Start with the attribution. The model card lists the base as Qwen3.5-9B, the author as Jackrong, and the license as Apache 2.0. NousResearch shows up only as the maker of the Hermes Agent harness the model is tuned to run inside, and as the format standard its training data follows. So this is a solo community fine-tune that learned to drive someone else's agent runner. Calling it a NousResearch model is like calling a custom ROM an official Google phone.

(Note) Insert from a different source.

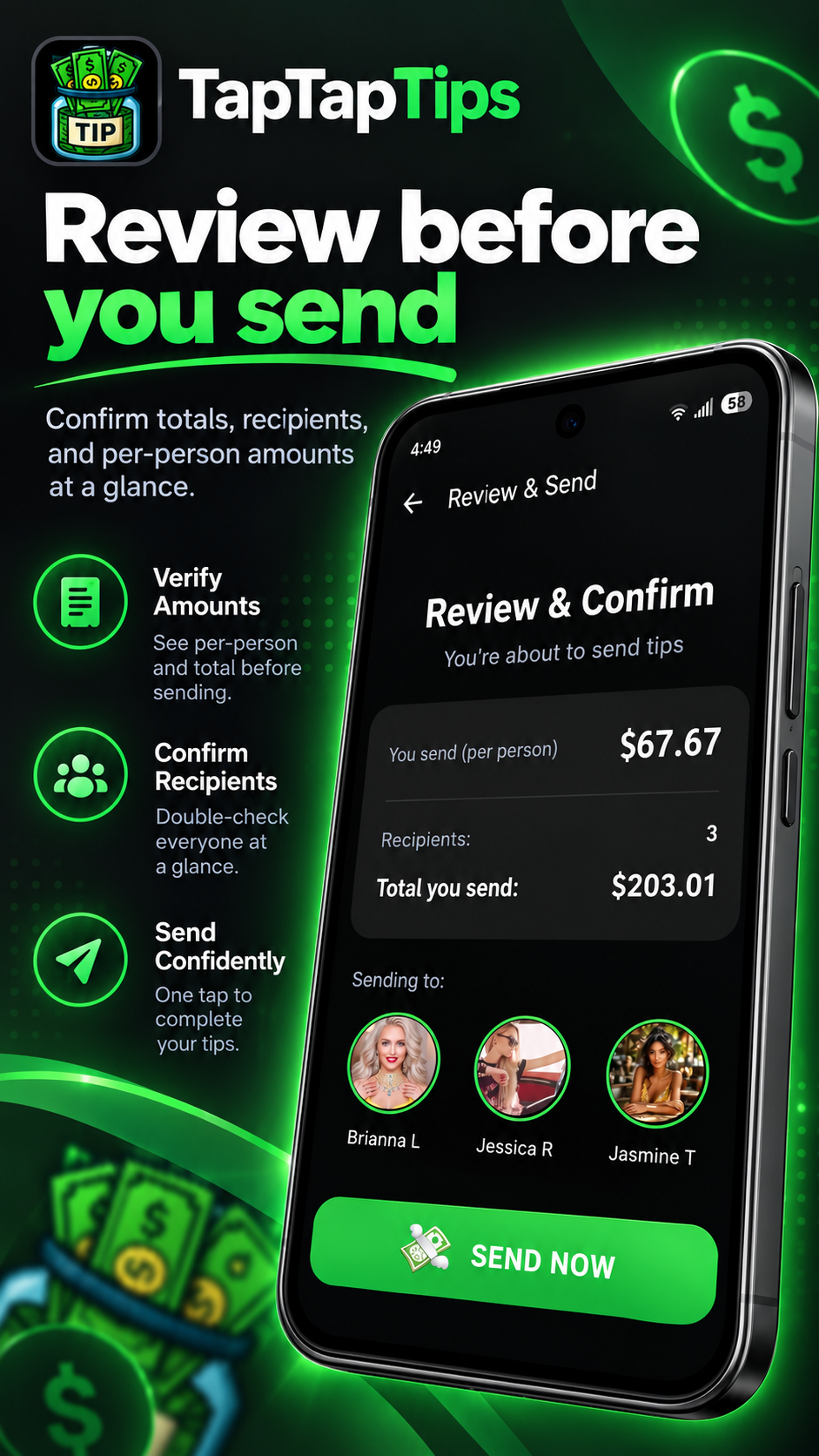 Review and confirm screen showing per-person and total amounts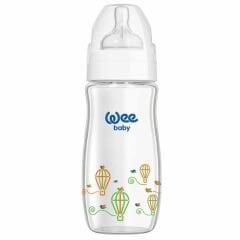 Wee Baby Klasik Plus Geniş Ağızlı Cam Biberon 280 ml Beyaz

About that SWE-bench score

I went looking for the 53.33% figure. It isn't on the card. What's there instead are three small, locally-run test sets: HermesAgent-20, ToolCall-15, and BugFind-15. Twenty tasks, fifteen tasks, fifteen tasks. The numbers got tested on a Mac through LM Studio using a community suite, and the developer says every run used temperature 1 with two retries allowed before a task counts as failed.

On HermesAgent-20 the fine-tune scores 85 against 71 for stock Qwen3.5-9B. That's a real jump on the metric the author cares most about, and I'd believe a tuned model beats its base on the exact task distribution it was trained for. The harder question is what 85 on twenty hand-built tasks actually tells you about anything else. Probably not much.

The detail that didn't make the hype, buried in the second table: on the tool-call stability set, the fine-tune and the untouched base model both score a flat 100. Tied. If the headline pitch is "better at tool calling," the one benchmark explicitly about tool-call stability says the base was already maxing it out. The improvement is real but it's living almost entirely in the agentic-reasoning column, not in raw function-calling reliability.

How it was trained, which is the actually interesting part

The pitch the author makes for the size class is loud. The card calls the 9B dense format a "sweet spot" and claims this is "the best open-source model in its class," which, fine, every model card says that. The training method is where it gets weird in a good way.

Two ingredients. One is a published set of reasoning traces from Lambda: 7,646 multi-turn trajectories where an agent actually ran terminal commands, edited files, and drove a browser, with the real outputs kept rather than faked. Worth flagging a small inconsistency here. The dataset's own page says it was generated with Moonshot's Kimi-K2.5. The model card says the traces came from GLM-5.1 and Kimi. Someone's description is stale, and it isn't a detail you'd want wrong in a methods section.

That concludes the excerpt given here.